*** Begin section ***
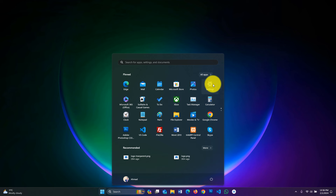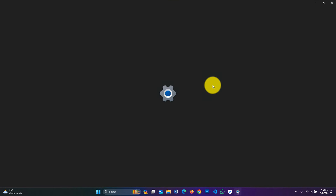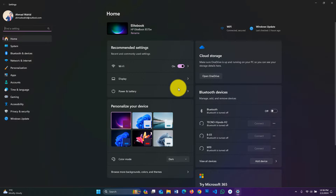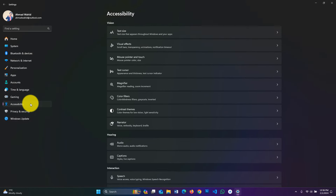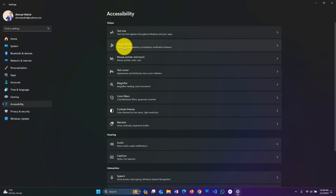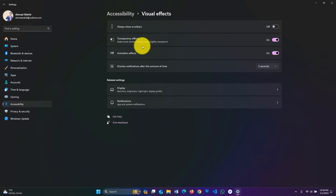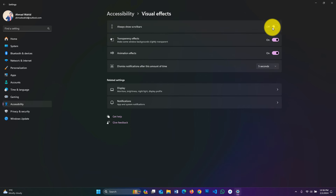Open the Settings app. Go to Accessibility from the left pane. Open the Visual Effects menu. Turn on the slider switch against Always Show Scroll Bars.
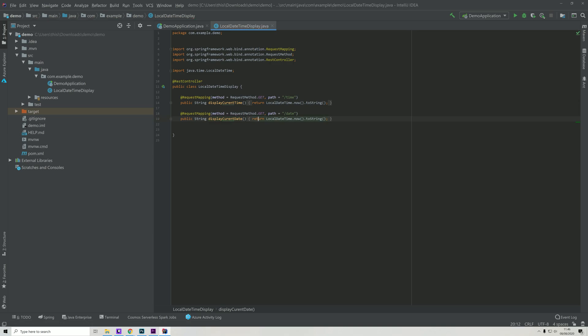You can try yourself to change this to instead of returning the time, just return the date, and then try to execute or run your application again and navigate to first /time and then /date and see the difference between them. But when you're doing so, it's important that you keep the output as a string, which is the Java representation of a text value, because your browser will not be able to understand some of the specific Java types, for example the LocalDateTime.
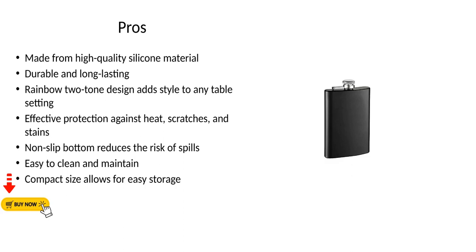Pros: Made from high-quality silicone material. Durable and long-lasting. Rainbow two-tone design adds style to any table setting. Effective protection against heat, scratches, and stains. Non-slip bottom reduces the risk of spills. Easy to clean and maintain. Compact size allows for easy storage.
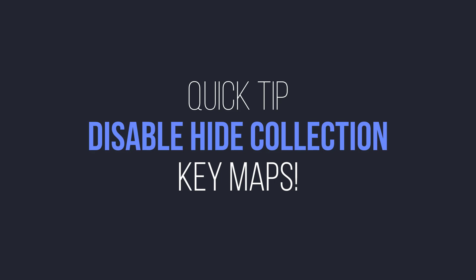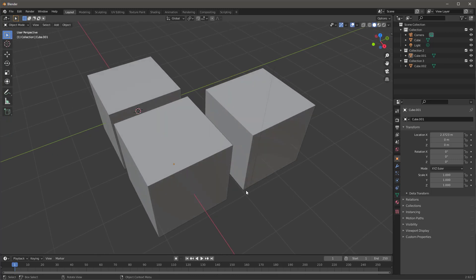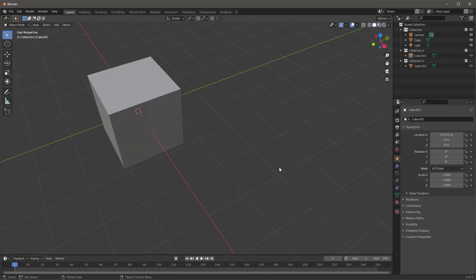So this is kind of a quick tip about something that really bothers me about Blender. It's a holdover from before 2.8. The whole idea is that if you hit the one key and you're in object mode, instead of actually doing it, it basically hides everything in here.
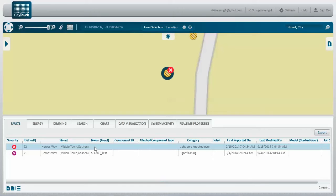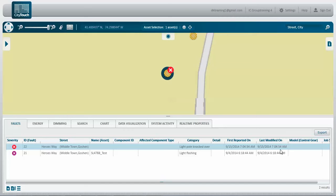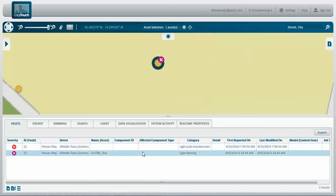We can see the categories here. We can also see when it was reported and when it was last modified. Click to select another asset.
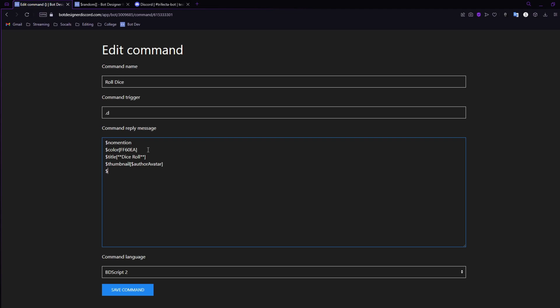Press enter and add a timestamp — again totally optional, but I always add one. Double-enter twice to give some spacing, and then we'll start with the actual code. We're going to use '$var'.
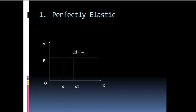This is a purely imaginary situation. In real life, we rarely come across such products. Here, the demand curve takes the shape of a horizontal line parallel to the x-axis.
*** End section ***
== TASK TO COMPLETE ==
A verbatim transcript of the entries above is required, with the pictures left out.

== COMPLETED EXERCISE ==
Open the Settings app. Go to Accessibility from the left pane. Open the Visual Effects menu. Turn on the slider switch against Always Show Scroll Bars.
You can try yourself to change this to instead of returning the time, just return the date, and then try to execute or run your application again and navigate to first /time and then /date and see the difference between them. But when you're doing so, it's important that you keep the output as a string, which is the Java representation of a text value, because your browser will not be able to understand some of the specific Java types, for example the LocalDateTime.
Pros: Made from high-quality silicone material. Durable and long-lasting. Rainbow two-tone design adds style to any table setting. Effective protection against heat, scratches, and stains. Non-slip bottom reduces the risk of spills. Easy to clean and maintain. Compact size allows for easy storage.
So this is kind of a quick tip about something that really bothers me about Blender. It's a holdover from before 2.8. The whole idea is that if you hit the one key and you're in object mode, instead of actually doing it, it basically hides everything in here.
We can see the categories here. We can also see when it was reported and when it was last modified. Click to select another asset.
Press enter and add a timestamp — again totally optional, but I always add one. Double-enter twice to give some spacing, and then we'll start with the actual code. We're going to use '$var'.
This is a purely imaginary situation. In real life, we rarely come across such products. Here, the demand curve takes the shape of a horizontal line parallel to the x-axis.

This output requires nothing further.